Uluslararası çevre faktörleri de örgütler için önemli bir potansiyel kriz kaynağıdır. Özellikle küreselleşme süreci, dünya çapında yapısal bir değişimin yaşanmasına neden olmuş ve bu değişim devam etmektedir. Küreselleşme, örgütlerin iş yaptıkları alanların genişlemesine ve ayrıca da tüm ekonomik, sosyal, hukuksal birimlerin birbirleriyle sürdürdükleri ilişkilerin artmasına hatta dünya üzerindeki tüm ekonomik örgütlerin birbirleriyle eklemlenmesine neden olmuştur. Bu durum rakiplerin artması ve çeşitlenmesine yol açmaktadır. Bu yeni ekonomik sistem ve rekabet koşullarına örgütsel uyum göstermeyen kurumlar ise, kriz tehdidi ile karşılaşmaktadır.

Krizin Evreleri

Altı aşamadan oluşan kriz evreleri kısaca şöyle açıklanabilir:

  • Krizin kavramsal olarak başlangıç noktası; geçmişte etkili olan yaklaşımlarda eylemlerde ifade edilen kabul görmüş inançlar ve normların karakterize edildiği evreyi ifade etmektedir.
  • Kuluçka dönemi; kabul görmüş bilgi ile bağdaşmadığı fark edilmeyen olayların yavaş yavaş biriktiği evredir.
  • Belirme anı; krizin kaçınılmaz olarak karar vericilerin dikkatini çektiği evredir. Şayet örgütün erken uyarı sistemleri kriz sinyallerini yakalamışsa kriz önleme ve korunma mekanizmaları harekete geçirilebilir.
  • Hücum safhası; krizin önlenemediği ve artık tüm çalışanlar tarafından hissedildiği evredir.
  • Kurtarma safhası; durumun acilen yeniden tanımlandığı, böylece krizin en önemli özelliklerinin belirlenip kurtarma işleminin başladığı evredir.
  • Yeniden yapılanma safhası; krizin etkileriyle başa çıktıktan sonra önceden kabul edilmiş inançlar, normlar, prosedürler ve hareket kurallarının, örgütün gelecek krizlerle baş etme yeteneğini geliştirmek üzere gözden geçirildiği evredir.

Yukarıda bahsedilen kriz aşamaları;

  • Kriz öncesi dönem (1. ve 2. aşama),
  • Kriz dönemi (3, 4 ve 5. aşama) ve
  • Kriz sonrası dönem (6. aşama)

olarak da adlandırılabilir.

Kriz öncesi dönem, kriz durumuna gelmeden önce belirtilerin aşama aşama ağırlaştığı dönemdir ve krizin ortaya çıkacağına ilişkin ipuçları bu dönemde gelişmektedir.

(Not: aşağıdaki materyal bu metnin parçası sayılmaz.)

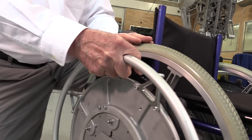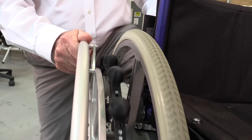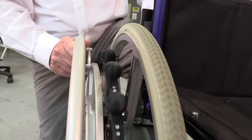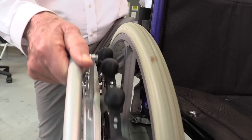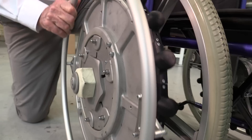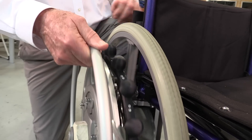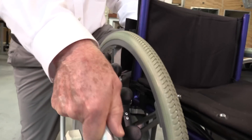If I move this back, I'm now in what we call run mode. I push it forward and the wheel goes forward. I pull it back and — miracle of miracles — the wheel goes forward. So all I have to do is pump this push rim and I go forward. If I want to go forward fast, I turn it into high gear and it goes fast, or I can put it in low gear and it goes slowly.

Kriz dönemi, kriz öncesi dönemde yaklaşmakta olan krizin sinyalleri alınıp, yorumlanıp, değerlendirilmemiş ve uygun tepkiler verilmemişse örgütün kriz dönemine girme olasılığı çok yüksektir. Bu dönemin özellikleri;

  • Örgütsel belirsizlik en üst noktaya çıkar
  • Sadece çalışan devrinde değil, yönetici personel devrinde de önemli artışlar görülür
  • Çalışanlar yoğun bir stres durumunda kalır
  • Zaman baskısı nedeniyle, karar almak için uzun süre ayırmak yerine tüm kararların ivedilikle alınılması ve uygulamaya geçilmesi gerekir
  • Yöneticiler kendi sorumluluk ve yetki alanlarını genişletmek ve normal zamanlardan daha otoriter bir yönetim tarzı benimsemek zorunda kalırlar.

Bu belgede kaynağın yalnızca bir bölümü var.